Secret Fest sneaks onto the Scene
Known for its oath of silence and hard-core regulars, SIFF introduces Secret Fest to feature films that cannot be publicly screened.


The New Egyptian
When founders Dan Ireland and Darryl Macdonald lose their lease at the Moore Egyptian, they take over the former Masonic temple in Capitol Hill and convert it into the Egyptian Theatre.

Introducing the Golden Space Needle Awards
SIFF introduces one of the few film festival audience-determined awards in the world at the time. The first Best Film winner: Kiss of the Spider Woman.

14th Seattle International Film Festival poster


The Superstitious Skip
In a nod to the superstitious leaders Darryl Macdonald and Dan Ireland, SIFF dodges the 13th and jumps straight to 14th Festival.


In 1990, Stage Fright Inc. transfers the Festival rights to the newly formed nonprofit, Cinema Seattle, and soon after initiates off-season promotional screenings and launches a membership program.

By the mid-’90s, SIFF had established itself as a year-round exhibitor,hosting special screenings, the inaugural Women in Cinema Festival, and film discussion series. In 1996, the Filmmakers Forum was launched to connect local filmmakers and students with industry experts, part of the organization’s broader educational initiatives.



Cinema Seattle Forms
Cinema Seattle is founded, becoming the new nonprofit administration for the Seattle International Film Festival and future programming endeavors.

Party Girl


Ushering in the Streaming Era
SIFF is the first festival to broadcast an entire film over the Internet with Party Girl, which also screened at The Egyptian simultaneously.


After nearly three decades of talking about it, SIFF finally gets a new year-round theater in 2007, turning McCaw Hall into a cinematheque-style movie venue, featuring a variety of limited-run debuts, new-print revivals of classic films, and mini-festivals.
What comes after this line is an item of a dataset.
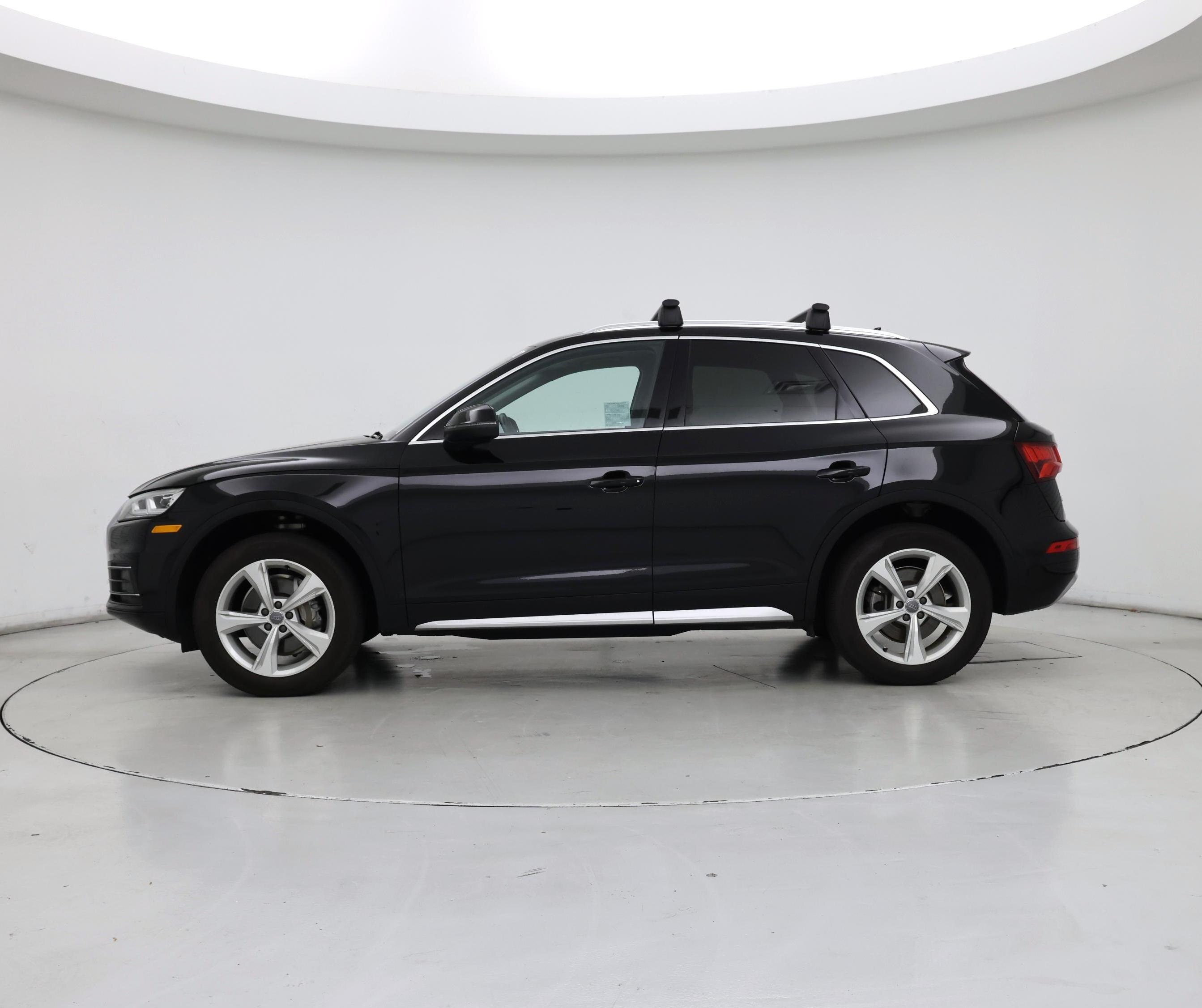 Thumbnail: 2020 Audi Q5 - 3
In 2011, SIFF makes the move to the Uptown Cinema and SIFF Film Center, increasing showing capacity to four screens. The Festival continues to grow and is lauded as the largest, most-attended film festival in the U.S.

SIFF logo


From Cinema Seattle to SIFF Group
Cinema Seattle rebrands with the name SIFF and puts in place a strategic plan to reinstate year-round film programming.

Film Center at McCaw Hall


Lighting Up Mccaw Hall
As arthouse cinemas close across Seattle, SIFF Cinema opens at McCaw Hall, inaugurating its return to year-round cinema with a Janus Films retrospective.
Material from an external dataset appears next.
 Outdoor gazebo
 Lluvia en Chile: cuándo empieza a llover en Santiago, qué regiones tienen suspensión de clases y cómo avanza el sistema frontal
In 2014, SIFF announces the acquisition of SIFF Cinema Uptown (previously leasing) and the reopening of the SIFF Cinema Egyptian. To expand community outreach, SIFFsupports launches in 2016 to provide discounted venue rentals, plus marketing and technical support to PNW filmmakers, artists, and nonprofits. By 2019, SIFF reaches over 350,000 attendees annually through SIFF Cinema, SIFF Education, and the Festival.

Film Center


Putting Down Roots
SIFF Cinema makes the move from McCaw Hall to the Uptown Cinema and unveils its new headquarters with theater at the SIFF Film Center.


The Egyptian Homecoming
SIFF acquires the historic Egyptian Theatre, reopening it as SIFF Cinema Egyptian, and announces its official purchase of the Uptown.

2020 >>>

With theaters closed due to the pandemic, SIFF struggles with diminished revenue and staff. Relying on the generosity of supporters, SIFF revives the Festival in 2021 with a 10-day virtual format and returns to theaters that fall with the first DocFest.
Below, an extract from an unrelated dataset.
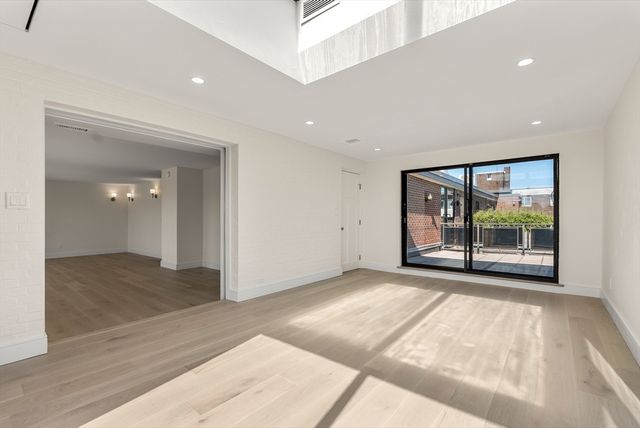 30 Stearns Rd PHB, Brookline, MA 02446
2023 marks a milestone, as SIFF acquires the former Cinerama, reopening it as SIFF Cinema Downtown, heralding a new phase of growth and expansion.


Cinemas Reopen After Pandemic Shutdown
Eighteen months after the pandemic shuttered theaters, SIFF Cinemas reopen with the launch of DocFest, SIFF’s first-ever documentary film festival.

COO Andrea Stuart-Lehalle, Artistic Director Beth Barrett, and Executive Director Tom Mara


Reviving a Cinematic Icon
SIFF acquires the former Seattle Cinerama Theatre after its closure in 2020, bringing the beloved venue (and the chocolate popcorn) back to life as SIFF Cinema Downtown.